# Stair tread remodel carpet runner



## msv (Aug 5, 2009)

*KG007, did you just call me cheap??????*

i'm just kiddin.... over here in Atl things aren't looking that good... my best friend takes work from a company and they pay him $25 per tread(just labor) to tear out, install and finish.... dunno what they charge the customers though.... I'm at over $1000/month on advertising, and 80% of the 10-15 calls that i get /month start with ..."is the estimate free???" and end with " we have 2 other estimates waaaay cheaper than you"...
I totally agree with "you get what you pay for" but when you go 2-3 weeks without work, you're pretty much forced to srop the 100-110/tread on the next phone call....
only been in the business for 6 years(3 on my own) but have done floors in 1.5-5 mill $ homes.... so as far as return customers or refferals, i can't really rely on that too much...


----------



## KG007 (Oct 23, 2009)

*I feel your pain*

Trust me, a lot of us feel your pain with so few jobs that people are doing. At $95 a step for everything are you coming out okay? I'm seeing people on here saying they are quoting at cost and being undercut by 50%. I can go broke just sitting here, I don't need to go broke faster by doing it below cost.
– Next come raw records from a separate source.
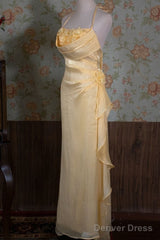 Vintage Yellow Halter Neck Floral Prom Gown Fairy Princess Prom Dress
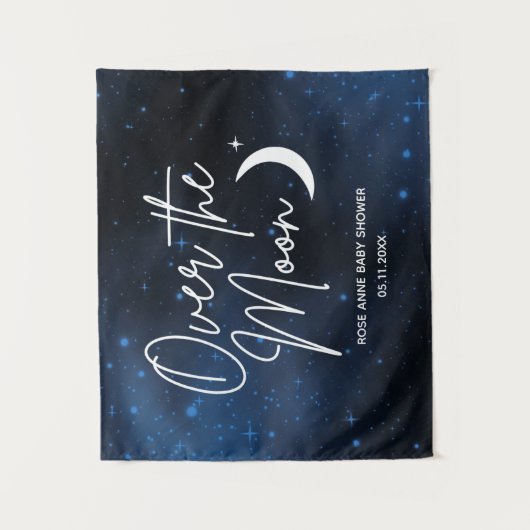 Über dem Mond Name Datum Kinderdusche Wandteppich (Vorderseite)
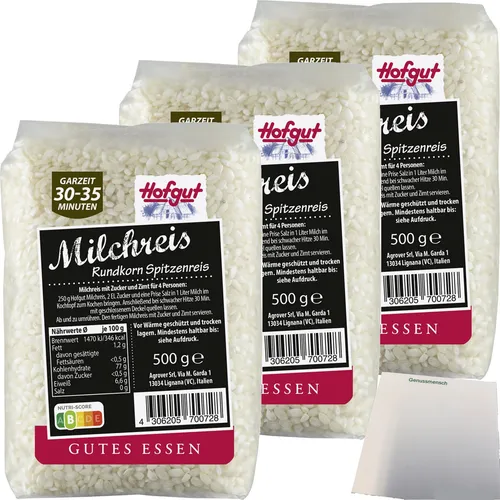 Hofgut Milchreis Rundkorn 3er Pack 3x500g Packung usy Block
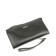 Clutch, 2 parts on zipper, 2 external pockets, wrist strap, black color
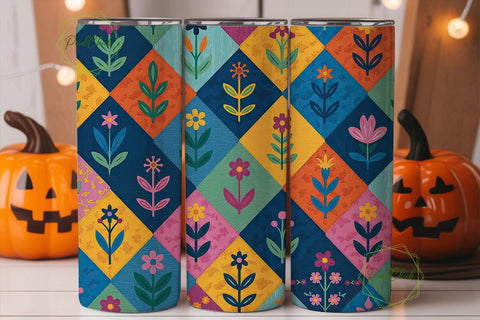 Patchwork Floral Tumbler Wrap Sublimation PixelChick 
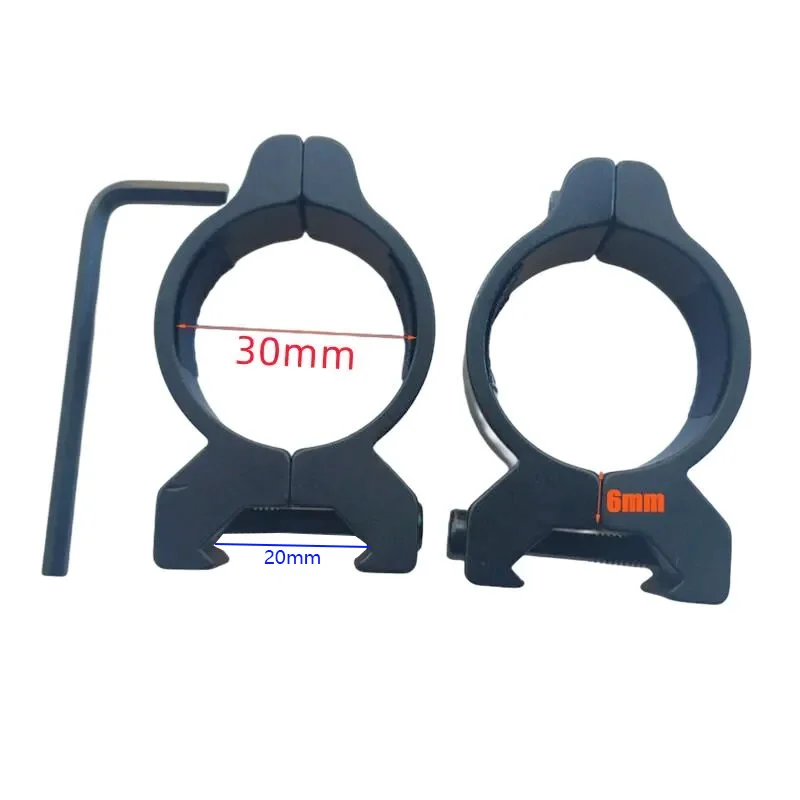 Anillos de montaje 30mm para visor con riel 20mm tipo Picatinny - imagen 3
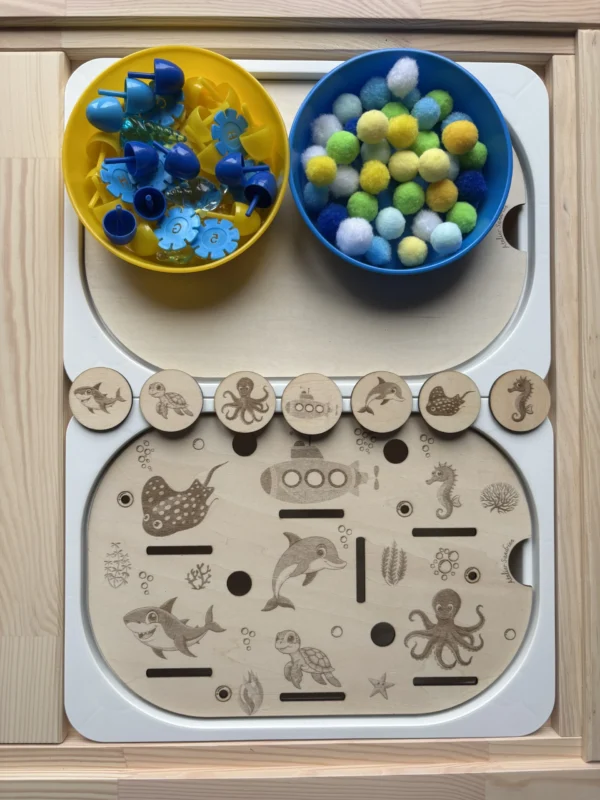 Insert sensoriel en bois - Univers sous-marin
Our trouble is a) not enough people even considering doing something, but also, b) everyone who is considering it seems to say " in the spring... or summer ... or sometime..."

But to Mrick's issue, wouldn't a complete tear out and re-do be a better result and virtually the same price as ideas that are being tossed around?


----------



## Sliverpicker73 (Dec 28, 2009)

Maybe another point to consider, depending on the current riser heights if you add 3/4 to all the threads your height from the bottom landing to the first step will be 1 1/2" higher than from the last step to the top landing, and that is definately a code violation around here


----------



## astor (Dec 19, 2008)

Sliverpicker73 said:


> Maybe another point to consider, depending on the current riser heights if you add 3/4 to all the threads your height from the bottom landing to the first step will be 1 1/2" higher than from the last step to the top landing, and that is definately a code violation around here


Good point! No matter how much the customer pays,I personally would not risk being sued, so I stick with codes. It means sometimes removing last/first 3 treads and feather out the difference and in some cases install flooring in landing-even that was not what HO asked for.


----------